◆ WHAT TO PRODUCE: Copy the records below exactly, from the line containing "Saucony Memory Foam Running Shoes SZ 8" through the last line, and leave out every picture.

◆ Image-text web data:

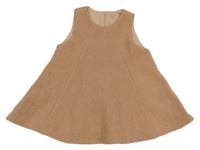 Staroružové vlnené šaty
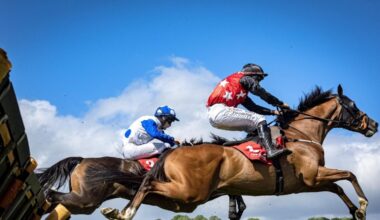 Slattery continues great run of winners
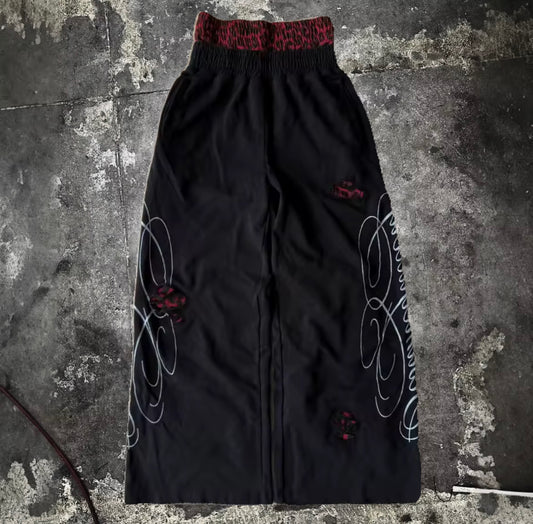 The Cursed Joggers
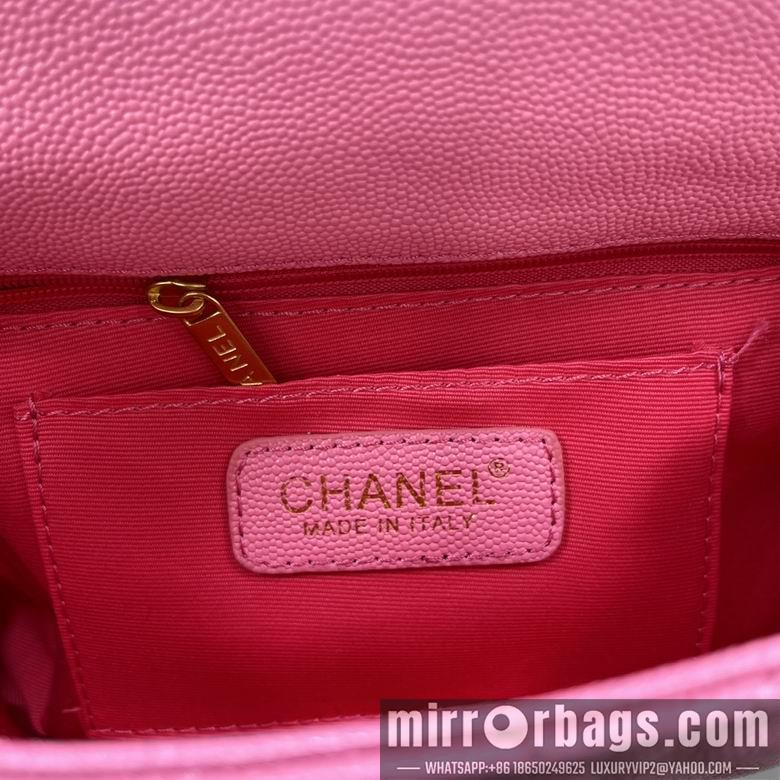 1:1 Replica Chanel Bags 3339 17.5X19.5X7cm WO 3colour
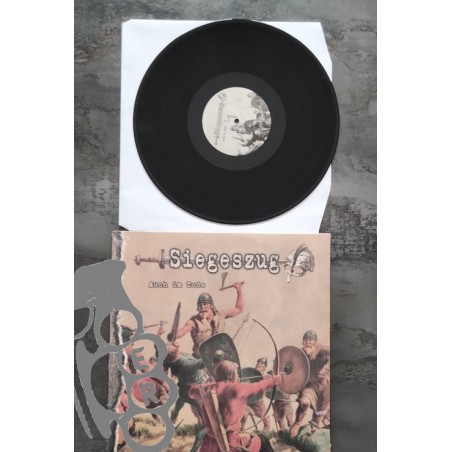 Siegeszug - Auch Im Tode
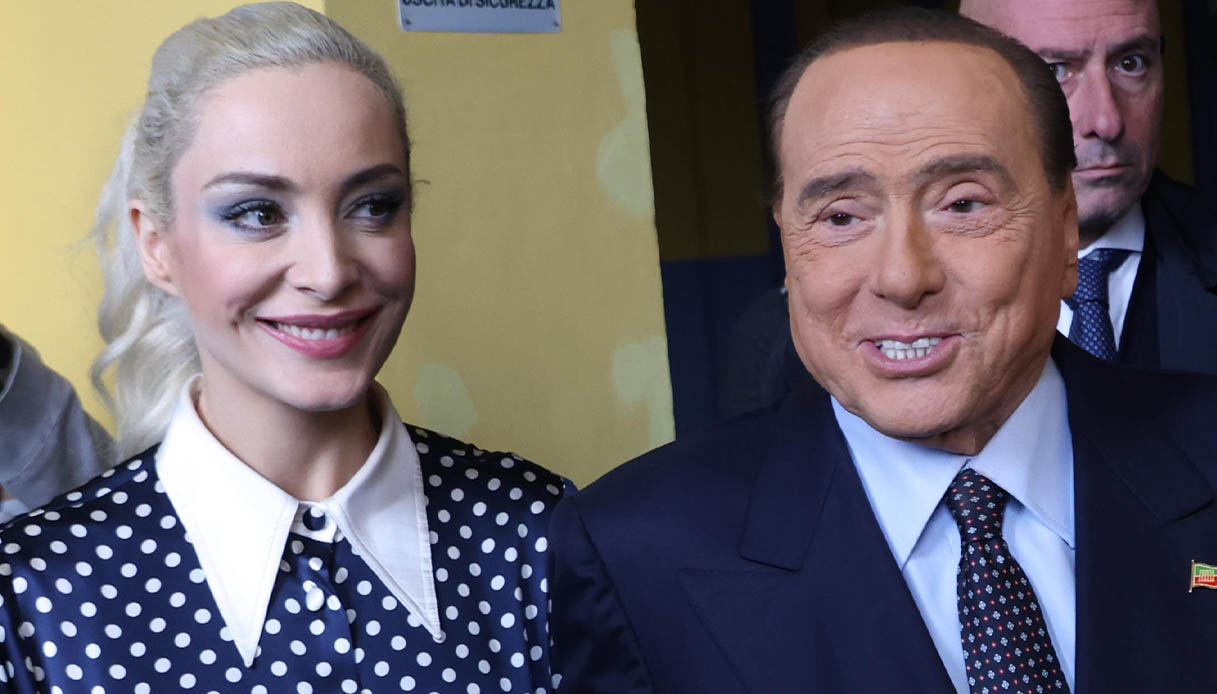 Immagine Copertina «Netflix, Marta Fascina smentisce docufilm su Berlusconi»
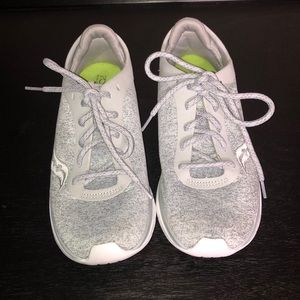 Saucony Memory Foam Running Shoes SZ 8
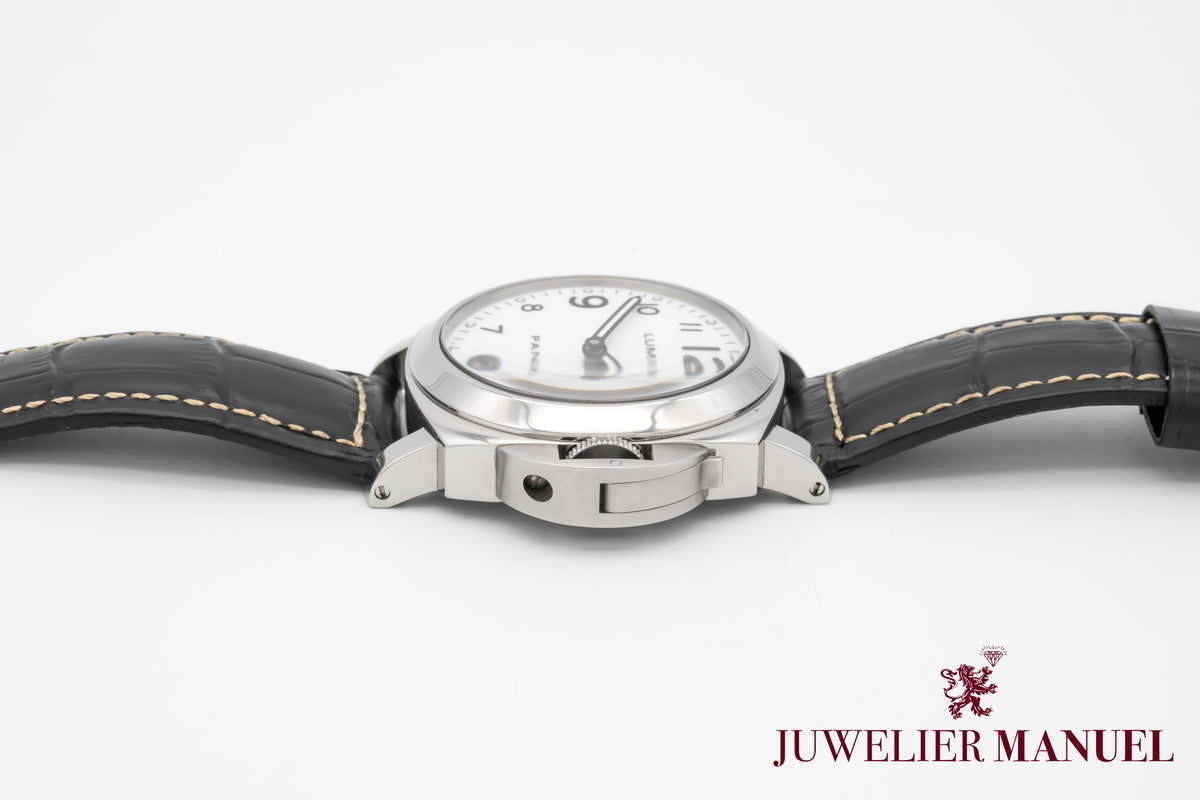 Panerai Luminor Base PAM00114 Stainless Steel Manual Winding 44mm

◆ THE ANSWER:
 Saucony Memory Foam Running Shoes SZ 8
 Panerai Luminor Base PAM00114 Stainless Steel Manual Winding 44mm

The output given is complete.